** MATERIAL TO PROCESS follows **
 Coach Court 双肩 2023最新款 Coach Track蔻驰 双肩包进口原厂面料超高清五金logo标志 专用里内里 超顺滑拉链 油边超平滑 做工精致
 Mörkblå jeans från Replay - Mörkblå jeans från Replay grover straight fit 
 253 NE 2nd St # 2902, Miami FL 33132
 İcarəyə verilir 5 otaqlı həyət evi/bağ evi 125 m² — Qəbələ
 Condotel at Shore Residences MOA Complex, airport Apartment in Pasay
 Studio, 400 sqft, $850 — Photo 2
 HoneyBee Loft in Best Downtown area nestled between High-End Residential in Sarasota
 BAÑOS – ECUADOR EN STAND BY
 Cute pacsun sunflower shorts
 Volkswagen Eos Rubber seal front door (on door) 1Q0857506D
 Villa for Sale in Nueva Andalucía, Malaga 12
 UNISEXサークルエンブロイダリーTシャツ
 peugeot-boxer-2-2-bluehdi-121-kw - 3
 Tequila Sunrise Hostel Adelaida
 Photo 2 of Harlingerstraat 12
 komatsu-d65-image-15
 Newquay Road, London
** End of MATERIAL TO PROCESS **
DIRECTIONS FOR THIS TASK » Please restate, exactly as written, the line that holds "253 NE 2nd St # 2902, Miami FL 33132" and all remaining lines of the data above, and only those.

RESULT FOR THIS EXERCISE »
 253 NE 2nd St # 2902, Miami FL 33132
 İcarəyə verilir 5 otaqlı həyət evi/bağ evi 125 m² — Qəbələ
 Condotel at Shore Residences MOA Complex, airport Apartment in Pasay
 Studio, 400 sqft, $850 — Photo 2
 HoneyBee Loft in Best Downtown area nestled between High-End Residential in Sarasota
 BAÑOS – ECUADOR EN STAND BY
 Cute pacsun sunflower shorts
 Volkswagen Eos Rubber seal front door (on door) 1Q0857506D
 Villa for Sale in Nueva Andalucía, Malaga 12
 UNISEXサークルエンブロイダリーTシャツ
 peugeot-boxer-2-2-bluehdi-121-kw - 3
 Tequila Sunrise Hostel Adelaida
 Photo 2 of Harlingerstraat 12
 komatsu-d65-image-15
 Newquay Road, London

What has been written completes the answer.